In 2009, the Stanford outpatient clinics, which were running out of expansion room, were relocated to the Stanford Medicine Outpatient Center, a large new site in Redwood City, California formerly occupied by the corporate headquarters of Excite@Home. The buildings were extensively remodeled for medical use to provide facilities the clinics' old homes lacked. For example, the Sleep Medicine Center's new sleep lab has thorough soundproofing and can accommodate a few morbidly obese patients.
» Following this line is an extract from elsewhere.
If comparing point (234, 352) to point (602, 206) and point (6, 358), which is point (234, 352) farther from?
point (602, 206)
In 2018, these outpatient facilities were expanded to receive the main campuses outgoing Digestive Health Center and endoscopy suite, to make room for the new expansions/renovations at the main Stanford Hospital, in addition to nearly doubling the existing imaging facilities and adding an external parking structure at the Stanford Outpatient Center.

The inpatient facilities remain on the main campus, which as of 2019, has undergone another round of major expansions, renovations, and revitalization, including a new inpatient structure, renovation of the old inpatient building, renovations of the Cancer Center and Blake Wilbur Building, and new emergency facilities, all located on a plot adjacent to the existing hospital. These major renovations are part of Stanford University's long-term master planning for renovation and medical advancement, which have included past projects such as the Lucile Salter Packard Children's Hospital at Stanford and the Stanford Neurosciences Health Center.

==== Life Flight ====
The Stanford Life Flight program began May 1, 1984. Its aircraft is an EC 145 helicopter that can fly under both visual and instrument flight rules, allowing for response to calls in nearly any weather. The aircraft accommodates two patients with two flight nurses, or one patient with up to four caregivers, plus the pilot.

===Staff===
The hospital's medical staff numbers 1,910 with an additional 850 interns and residents, as well as nearly 1,500 registered nurses and approximately 610 licensed beds. Stanford Clinics, the group practice of most faculty physicians of Stanford University School of Medicine, includes 493 full-time faculty physicians. Their areas of expertise range from primary care to the most advanced medical and surgical specialties. Stanford Clinics offer more than 100 specialty and subspecialty service areas. Under the supervision of faculty physicians, Stanford medical students and residents participate in patient care in most specialties. The clinics participate in preferred provider health care programs as well as Medicare and MediCal.

===Recognition===
Stanford University Medical Center is world-renowned for its work in cardiovascular medicine and cardiothoracic surgery, organ transplantation, neurology, neurosurgery, and cancer medicine. It has over 100,000 emergency department visits per year. In 2017, Stanford Hospital was ranked by U.S. News & World Report as the 9th-best hospital out of 5,462 medical centers in the United States, and third in the West Coast after the UCSF Medical Center and the UCLA Medical Center. As of 2018, Stanford received high rankings in the following specialties:

| Specialty | Ranking |
|---|---|
| Otolaryngology – head and neck surgery | #2 |
| Cancer | #14 |
| Cardiology & Heart surgery | #13 |
| Orthopedics | #13 |
| Urology | #17 |
| Gynecology | #23 |
| Nephrology | #10 |
| Neurology & Neurosurgery | #14 |
| Pulmonology | #37 |
| Gastroenterology & GI surgery | #27 |
| Geriatrics | #25 |
| Diabetes & Endocrinology | #17 |

==Lucile Packard Children's Hospital==

Lucile Packard Children's Hospital at Stanford (LPCH) is a nationally ranked women's and children's hospital which is part of the Stanford University Health system. The hospital is located adjacent to the campus at 725 Welch Road, Palo Alto, California. It was founded in 1991 and is staffed by over 650 physicians with 4,750 staff and volunteers. The hospital specializes in the care of infants, children, teens, young adults aged 0–21, but sometimes treats older adults and expectant mothers. Lucile Packard Children's Hospital is an ACS verified Level 1 regional pediatric trauma center, 1 of 7 in the state.